Je Suis Français a choisi de remonter aux sources de la relation entre Georges Bernanos, Charles Maurras et l’Action française dans son ensemble, en publiant de larges extraits de l’évocation qu’en donne Henri Massis* dans son Maurras et notre temps. Massis a vécu les événements qu’il relate de très près, il en a été l’un des acteurs, très proche des protagonistes. C’est, à notre sens, une source incontournable pour qui veut savoir et comprendre.
* Henri Massis – Wikipédia
Pour « gagner le pain de son ventre »…
A la fin de la guerre, en 1917, Bernanos s’était marié, et Léon Daudet avait été son témoin. Par un singulier paradoxe, cet apologiste du risque devait, en 1919, entrer comme inspecteur d’assurances à la Nationale, qui l’expédia à Bar-le-Duc visiter la clientèle de Lorraine et de Champagne ! Bernanos allait désormais employer les deux tiers de son temps à « gagner le pain de son ventre » et celui de sa famille.
Les soirs de cafard, il écrivait ce qu’il avait dans la tête, en quelque hôtel du Commerce ou quelque Terminus, « entre deux tablées de manilleurs, sous le regard de la caissière, et dessus ces beaux papiers à en-tête » des buffets de gare qui lui étaient familiers : « J’ai entretenu aujourd’hui dix-sept bonshommes (sans compter les femelles généralement présentes au débat) des bienfaits de l’assurance, en compagnie d’un de mes Agents, ancien notaire, — Johannet (1), qui croit à ces ruminants, aurait bien dû prendre ma place ! », m’écrivait-il, minuit sonné, sur le marbre d’un mastroquet de Nancy.
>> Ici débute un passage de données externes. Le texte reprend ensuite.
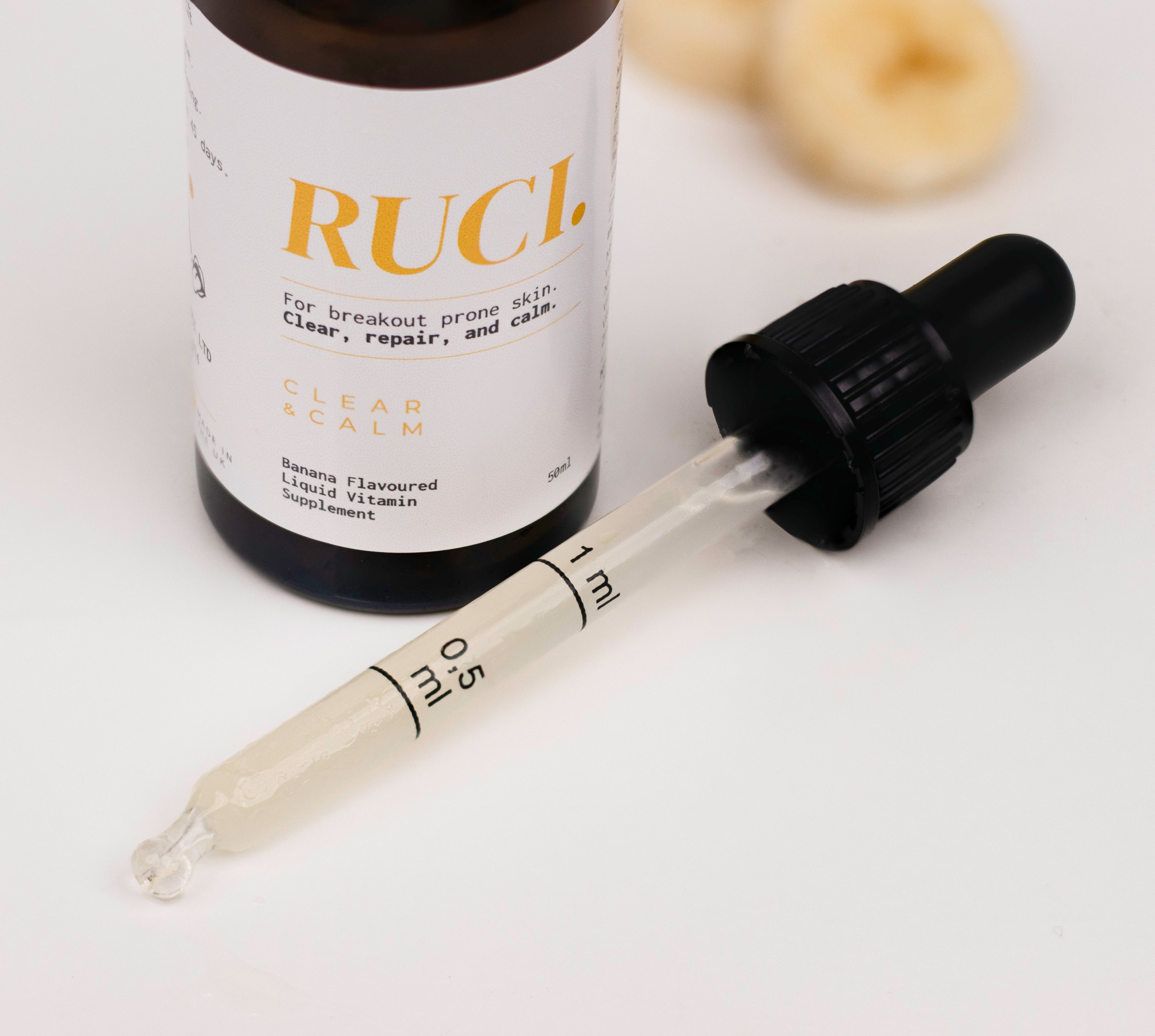 Clear & Calm Liquid Vitamin Supplement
Et bien que Bernanos n’aimât guère se plaindre des méchancetés du sort, il ajoutait : « Je ne m’amuse pas. Je serre les dents. Mais comme je suis drôlement organisé, mon ami ! Je vous assure (vous savez que je ne fais pas de phrases) que je trouve une sorte de joie féroce à ces complications du malheur ! Je ne suis évidemment pas fait pour la joie. Jamais la farce de la vie ne m’a paru si haïssable !… Ah ! nous vivons et mourons dans l’épaisseur, mon ami… »
Errant sans cesse dans la lumière et l’odeur des gares, voyageur fourbu, éreinté par les nuits passées en des salles d’attente, courant les provinces pour y faire son métier d’assureur, Bernanos avait pratiquement rompu avec Paris… Non seulement il vivait à l’écart du « monde littéraire » (« le plus justement décrié », disait-il), mais il n’avait plus guère de contacts, en ce temps-là, avec l’Action française dont il blaguait « la politique parlementaire » : Léon Daudet n’était-il pas député ? Que la Chambre fût alors « bleu-horizon » ne faisait qu’ajouter au dégoût de Bernanos pour le Parlement et « ses sinistres bonshommes » !
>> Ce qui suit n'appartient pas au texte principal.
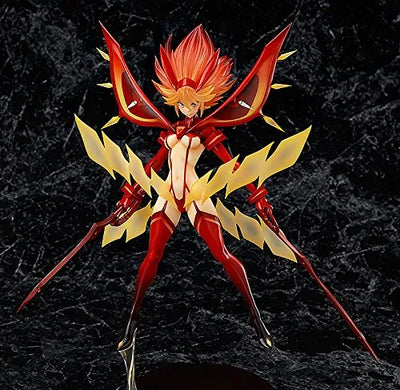 Kill la Kill - Matoi Ryuuko - Senketsu - 1/8 - Senketsu Kisaragi Ver. (Good Smile Company)ㅤ – Good Smile Company – ActionFigureBrasil — ângulo diferente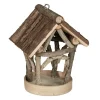 Vogelfutterhaus in Natur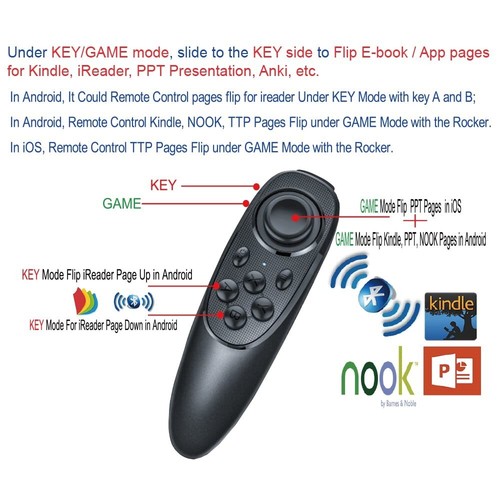 Premium Real VR Remote Controller Gamepad Bluetooth Control VR Video VR3D Remote - Picture 5 of 7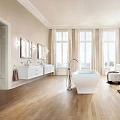 Напольный смеситель для ванны с душем Grohe Grandera 23318000 хром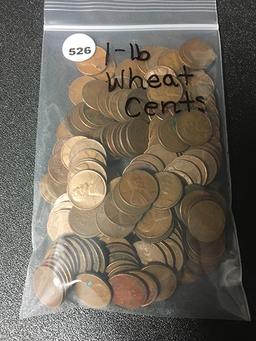1 lb. Wheat Cents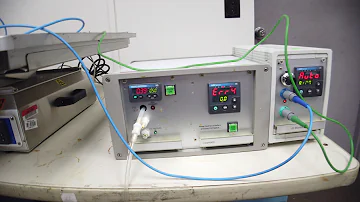 Wave Bioreactor System 20/50EH, Heater, Dissolved Oxygen Amplifier,  & CO2 Pump Mixer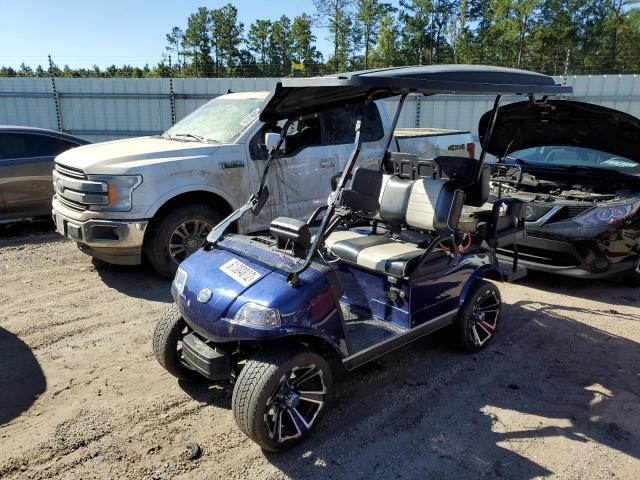 202220154 - 2022 EZ GOLFCART BLUE photo 2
On ne le revit à l’A. F. qu’en 1925, lorsque parut le retentissant article de Daudet sur le Soleil : « C’est vraiment beau ! » s’était aussitôt écrié le cher Léon; et, le premier, Daudet avait tenu à dire qu’ « une grande force intellectuelle et imaginative venait d’apparaître au firmament des lettres françaises » ! Mais quand Bernanos montait, rue de Rome, à la rédaction du journal, c’était pour y voir Daudet ou Maurras, car il n’y connaissait presque plus personne. La plupart de ses camarades qui, comme lui, étaient d’A. F. avant 14, étaient morts à la guerre : Yves de Colle-ville, Charles de Malibran et combien d’autres, avaient été tués ! Les survivants, comme son cher Bouteiller, s’étaient égaillés, repris par cette chienne de vie, mal résignés à crever dans la peau d’un « ancien combattant » n’ayant pas eu la veine de rester là-haut, sur la Marne ou à Verdun. (À suivre) ■
(1) René Johannet venait de publier son Éloge du Bourgeois français dans les « Cahiers Verts ».